We can’t update lxd from 4.0.9-eb5e237 (23991 4.0/stable) to 5.0/stable because this is production server with lots of virtual machines and containers running - we can’t allow downtime for other vm/containers
Do you have any other suggestions how to fix this important issue without refreshing lxd to 5.0 or restarting server ?
What does snap info lxd
show?
I don’t think that LXD version has been updated for a long time, which then suggests something else has changed on that server.
But lets check.
Also just as a side note, the LXD 4.0 LTS series is only receiving security bug fixes now, so for continued general bug fix/environmental change support you need to be running the LXD 5.0 LTS series.
See Managing the LXD snap for more info about the different snap channels.
Do you know of anything that has changed on that server recently? Any updates applied?
Can new VMs be launched?
Looking at the snap change log it seems there were some cherry picks of dependency updates 10 days ago on the 22nd Nov, and the latest 4.0/stable package was built on 25th Nov so would include those changes.
I suspect the qemu change is the most likely candidate for the breakage.
I’ll have a look and see if I can recreate.
Please can you provide lxc config show <instance> --expanded
and lxc storage show <pool>
and lxc network show <network>
for the relevant instance, pool and network.
Thanks
I just recreated the same issue on the LXD 4.0/stable channel:
snap install lxd --channel=4.0/stable
lxd init --auto
lxc launch images:ubuntu/focal v1 --vm
Creating v1
Starting v1
Error: Failed to run: forklimits limit=memlock:unlimited:unlimited -- /snap/lxd/23991/bin/qemu-system-x86_64 -S -name v1 -uuid d44bab24-1a63-4f5a-b072-d5eef160a1aa -daemonize -cpu host,hv_passthrough -nographic -serial chardev:console -nodefaults -no-user-config -sandbox on,obsolete=deny,elevateprivileges=allow,spawn=deny,resourcecontrol=deny -readconfig /var/snap/lxd/common/lxd/logs/v1/qemu.conf -spice unix=on,disable-ticketing=on,addr=/var/snap/lxd/common/lxd/logs/v1/qemu.spice -pidfile /var/snap/lxd/common/lxd/logs/v1/qemu.pid -D /var/snap/lxd/common/lxd/logs/v1/qemu.log -smbios type=2,manufacturer=Canonical Ltd.,product=LXD -runas lxd: : Process exited with non-zero value -1
Try `lxc info --show-log local:v1` for more info
lxc info --show-log local:v1
Name: v1
Location: none
Remote: unix://
Architecture: x86_64
Created: 2022/12/02 11:17 UTC
Status: Stopped
Type: virtual-machine
Profiles: default
Log:
What does sudo snap changes
show for LXD? I wonder if we can get a past revision.

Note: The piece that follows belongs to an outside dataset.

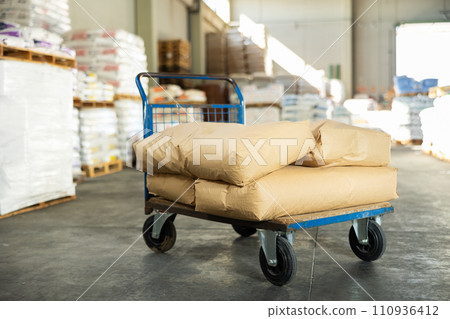 Bags are stacked on top of each other and lie in stacks in warehouse of building materials store. 110936412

New VMs can’t be launched - the same error
We have latest 4.0.9 release from 4.0/stable channel (updated about a week ago):
snap list |grep lxd
lxd 4.0.9-eb5e237 23991 4.0/stable canonical** in-cohort
lxc config show w10-terminal-ssd --expanded
architecture: x86_64
config:
boot.autostart: "true"
boot.autostart.priority: "195"
limits.cpu: "8"
limits.memory: 24GB
security.secureboot: "false"
volatile.eth0.hwaddr: 00:16:3e:8d:2a:6e
volatile.last_state.power: STOPPED
volatile.uuid: ccfe6235-1186-446c-9e15-a28ee1b2a21a
volatile.vsock_id: "662"
devices:
eth0:
name: eth0
nictype: bridged
parent: br0
type: nic
root:
path: /
pool: ssd
size: 240GB
type: disk
ephemeral: false
profiles:
- default
stateful: false
description: ""
lxc storage show ssd
config: {}
description: ""
name: ssd
driver: btrfs
used_by:
- /1.0/instances/vartai2ssd
- /1.0/instances/w10-terminal-ssd
- /1.0/instances/w10-unsql-ssd
- /1.0/profiles/default
- /1.0/profiles/no_net
status: Created
locations:
- paralel-linux
- universe-linux
- cluster-linux
- blazar-linux
lxc network show br0
config: {}
description: ""
name: br0
type: bridge
used_by:
- /1.0/instances/gitlab
- /1.0/instances/nextcloud-dev
- /1.0/instances/w10-grybas
- /1.0/instances/w10-terminal-ssd
- /1.0/instances/wiki
- /1.0/instances/zabbix
- /1.0/profiles/ceph-hdd
- /1.0/profiles/ceph-ssd
- /1.0/profiles/default
- /1.0/profiles/default_hdd
managed: false
status: ""
locations: []
snap changes
no changes found
snap changes lxd
no changes found
What does this show?
snap list lxd --all
I’ve test server (not connected to LXD cluster) with latest lxd 4.0.9 from 4.0/stable channel and the VMs doesn’t start there too. Then I’ve refreshed lxd in test server to 5.0/stable channel and issue is fixed in latest LXD 5.0 !!! I’m pasting snap changes output:
mantas@neutron-star:/# snap changes
ID Status Spawn Ready Summary
109 Error 8 days ago, at 08:17 UTC today at 07:21 UTC Auto-refresh snap “lxd”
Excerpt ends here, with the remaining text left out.